I missed on getting Swiss citizenship by a mere year. Beautiful country. Enjoy. 

Depending on whether US retailers are running a sale, those prices were attractive. I think they had bigger discounts toward the end of last year. Moving on...

Canyon does offer aluminum models of the Ultimate which I've read is a great bike with geometry that's in the sweet spot - not too agressive, but not upright endurance - and you can't beat a 30 day trial period to allow you to really get to know the bike. Canyon also has a "closeout" section with one off sizes and returns at greater discount. If you speak with one of their sales reps they should be able to get you on the right sized frame, consider the right of return a way to get out of a bad buy. 

Keep in mind the fit you will receive with your new bike may not be as comprehensive as a dedicated pro fit. Also, if you already have a bike that's setup for you, it's actually pretty easy to copy the fit based on static measurements. This will give you your stack and reach numbers....which you can then use to buy a frame that's closest to those numbers/size. OP, just read your original post and it looks like you would need a fresh fit. 

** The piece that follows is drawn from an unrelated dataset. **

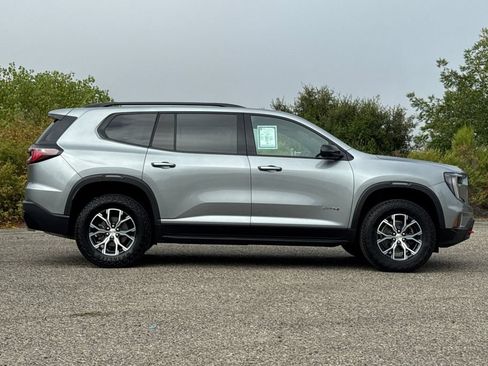Used 2025 GMC Acadia AT4 AWD/4WD image 3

Ski Verbier this coming winter! Head to northern Italy with the bike on your roof next spring. Go for broke and fill your bidons with Rivella.


----------



## Bobbed06 (Aug 17, 2016)

The Giant Contend SL Disc 1 is a nice option


----------



## Hnefi (Aug 18, 2016)

Well everyone, here's my update. The LBS didn't have any more stock of the Giant in my size, and I ended up getting a Specialized Diverge DSW for even less, and I think it was great decision actually. I wanted a bike that I could use in the winter as well, and the Diverge has 30mm tyres and room for fenders which would not fit on the Giant. 
It rides just as fast as my old Allez and it's even lighter (I think it's 9.1kg as compared to 8.5kg for the full carbon Giant) and I am really impressed with Specialized's frame construction. It gives up maybe 300g on comparable full carbon frames which is basically nothing for my level of cycling. Might be worthy of a few upgrades in the future (I'm thinking SRAM 10spd plus Hydro discs) if I can get the cassette on the SCS wheels.

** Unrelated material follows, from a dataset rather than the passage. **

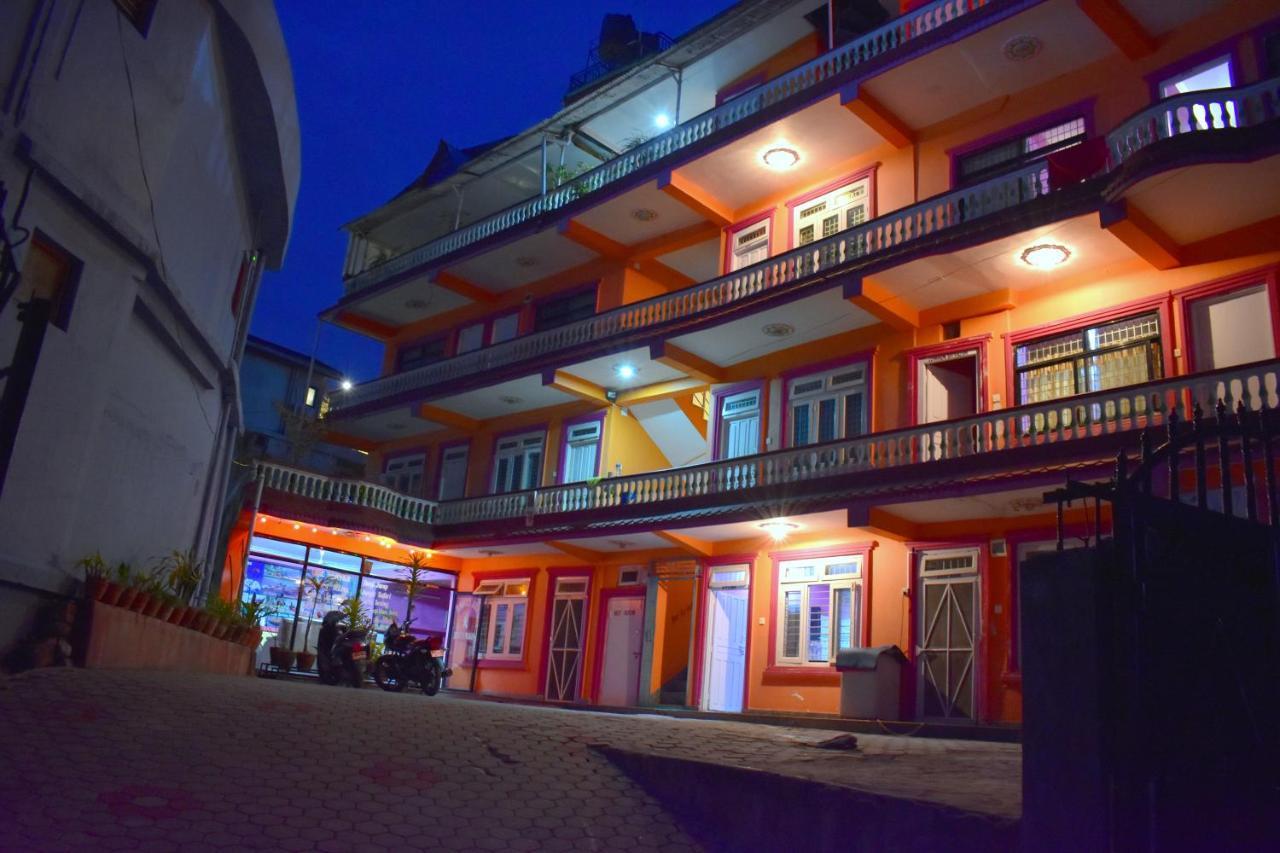 Hotel Santana ポカラ エクステリア 写真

Pics attached. She's a looker.  

















Sent from my Nexus 5X using Tapatalk


----------



## Fredrico (Jun 15, 2002)

Hnefi said:


> Well everyone, here's my update. The LBS didn't have any more stock of the Giant in my size, and I ended up getting a Specialized Diverge DSW for even less, and I think it was great decision actually. I wanted a bike that I could use in the winter as well, and the Diverge has 30mm tyres and room for fenders which would not fit on the Giant.
> It rides just as fast as my old Allez and it's even lighter (I think it's 9.1kg as compared to 8.5kg for the full carbon Giant) and I am really impressed with Specialized's frame construction. It gives up maybe 300g on comparable full carbon frames which is basically nothing for my level of cycling. Might be worthy of a few upgrades in the future (I'm thinking SRAM 10spd plus Hydro discs) if I can get the cassette on the SCS wheels.
> 
> Pics attached. She's a looker.
> ...


Looks like a mean machine! :thumbsup: Nice "do everything" bike. The set up looks perfect. 

Now you gotta tell us where those mountains are!


----------